Bad input shape error on SVM training using scikit

SVM

scikit-learn

machine learning

error handling

data preprocessing

Bad input shape error on SVM training using scikit

Master System Design with Codemia

Enhance your system design skills with over 120 practice problems, detailed solutions, and hands-on exercises.

Start Practicing Learn More

Introduction

Most "bad input shape" errors in scikit-learn SVM code come from one rule: X must be a two-dimensional array of shape (n_samples, n_features), while y must usually be a one-dimensional target vector. If either side has the wrong shape, SVC.fit raises a ValueError.

The confusing part is that NumPy, pandas, and slicing operations can quietly change dimensionality. A column can turn into a one-dimensional series, or a target can become a two-dimensional frame, and the SVM then rejects it.

What Shape the SVM Expects

For a normal classification task:

'X is a matrix'
each row is one sample
each column is one feature
'y is a vector with one label per sample'

This is correct:

python

1import numpy as np
2from sklearn.svm import SVC
3
4X = np.array([
5    [1.0, 2.0],
6    [1.5, 1.8],
7    [5.0, 8.0],
8    [6.0, 9.0],
9])
10y = np.array([0, 0, 1, 1])
11
12model = SVC(kernel="linear")
13model.fit(X, y)

Here X.shape is (4, 2) and y.shape is (4,), which is exactly what the estimator wants.

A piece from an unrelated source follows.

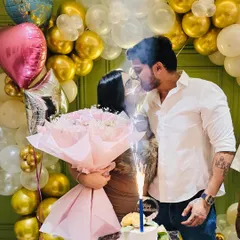 A romantic moment captured during an anniversary celebration. The warm glow of the neon sign and the festive balloons create a beautiful atmosphere.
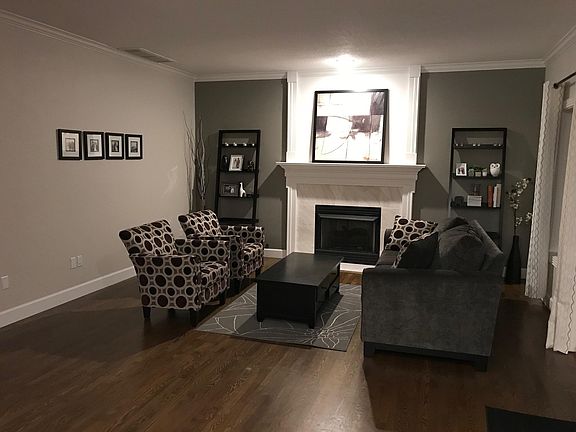 living room open to kitchen, eat in nook, and huge deck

The Most Common Shape Mistake

The most frequent bug appears when you have a single feature and pass a flat array instead of a two-dimensional matrix.

This fails:

python

1import numpy as np
2from sklearn.svm import SVC
3
4X = np.array([1.0, 2.0, 3.0, 4.0])
5y = np.array([0, 0, 1, 1])
6
7model = SVC()
8model.fit(X, y)

Typical error text looks like this:

text

Expected 2D array, got 1D array instead

The fix is to reshape the input so each value becomes a row with one feature:

python

1X = X.reshape(-1, 1)
2
3model = SVC()
4model.fit(X, y)

The -1 tells NumPy to infer the number of rows, and 1 means one feature column.

pandas-Specific Issues

With pandas, the difference between df["feature"] and df[["feature"]] matters.

python

1import pandas as pd
2from sklearn.svm import SVC
3
4df = pd.DataFrame({
5    "height": [150, 160, 170, 180],
6    "weight": [50, 60, 70, 85],
7    "label": [0, 0, 1, 1],
8})
9
10X_bad = df["height"]
11y = df["label"]
12
13print(X_bad.shape)  # (4,)

df["height"] is a series, so it is one-dimensional. For an SVM feature matrix, use:

python

1X = df[["height"]]
2y = df["label"]
3
4model = SVC()
5model.fit(X, y)

df[["height"]] keeps the two-dimensional table shape.

The same idea applies when selecting multiple columns. Make sure your column list stays inside double brackets so you still get a frame instead of a series.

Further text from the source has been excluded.